L'annonce semble confirmer que le projet entre dans une nouvelle phase. Cependant, l'état réel des technologies de conduite autonome et les statistiques d'exploitation de la flotte existante soulèvent des questions sur la véritable préparation de l'entreprise à un déploiement massif de ce type de véhicules.
Le long chemin vers l'autonomie complète
Le développement des systèmes de conduite autonome est une priorité pour Tesla depuis plus de dix ans. La compagnie a répété à de nombreuses reprises que ses véhicules seraient capables de se déplacer de manière autonome sans intervention du conducteur sur n'importe quel itinéraire. Dans la pratique, cependant, les technologies Autopilot et Full Self-Driving nécessitent toujours une supervision humaine et ne fournissent pas une autonomie complète.

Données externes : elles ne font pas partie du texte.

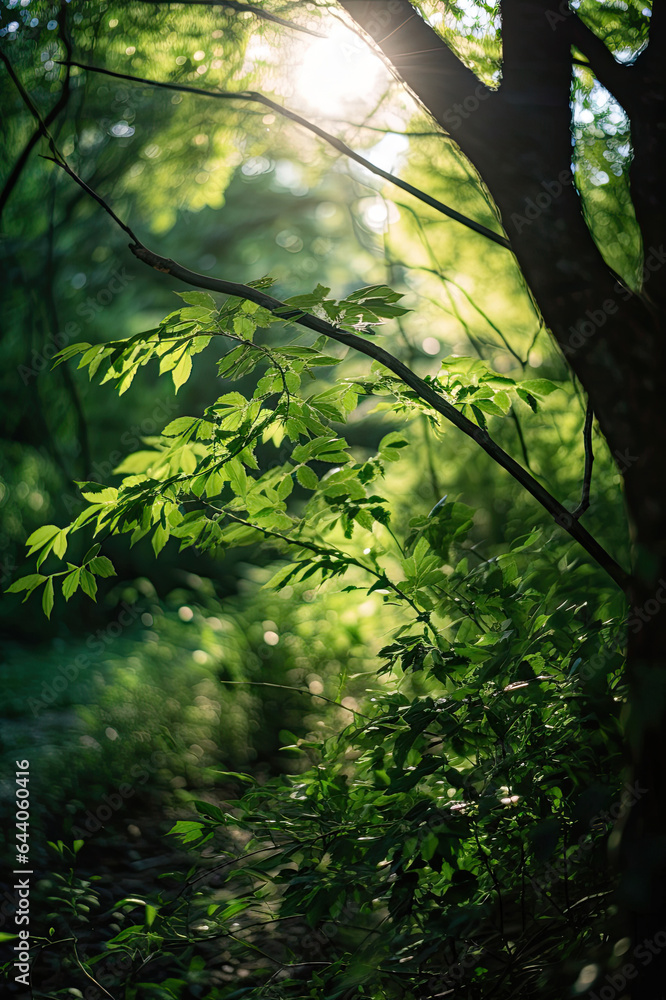 Sunlight in a Lush Green Forest,sun rays in the forest,sun rays through the forest Sunlight in a Lush Green Forest,sun rays in the forest,sun rays through the forest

Au début du mois de février, la direction a indiqué que la production en série du Cybercab commencerait en avril. Cependant, cette semaine, le premier exemplaire a été assemblé à la Gigafactory du Texas, permettant de démontrer l'avancement du projet. Le simple assemblage du véhicule ne révèle pas ses capacités fonctionnelles et ne confirme pas l'achèvement du développement du logiciel.
Concept sans volant ni pédales
Le Cybercab est conçu comme un véhicule biplace entièrement autonome, sans volant ni pédales. Le contrôle doit être assuré exclusivement par le logiciel, avec la possibilité pour un opérateur distant d'intervenir si nécessaire. Cette approche transfère l'entière responsabilité de la sécurité au fabricant et au système de contrôle.
En l'absence de commandes traditionnelles, la compagnie ne pourra pas attribuer les incidents à des erreurs du conducteur. Tout accident deviendra automatiquement un sujet d'analyse de la fiabilité du logiciel et du matériel.
Statistiques de la flotte existante
Précédemment, Tesla a lancé au Texas une flotte de robotaxis basée sur des Model Y modifiés. En huit mois, ces véhicules ont parcouru 1 287 000 kilomètres et ont été impliqués dans 14 incidents. Ainsi, un accident survient en moyenne tous les 92 000 kilomètres.
Pour comparaison, selon les données de la compagnie elle-même, les conducteurs humains sont impliqués dans des accidents mineurs environ tous les 370 000 kilomètres, et dans des accidents plus graves tous les 1 100 000 kilomètres. Même les statistiques officielles de la NHTSA estiment la distance moyenne entre accidents à environ 800 000 kilomètres. Ces chiffres montrent que les performances actuelles du système autonome sont nettement inférieures au niveau moyen de la conduite humaine.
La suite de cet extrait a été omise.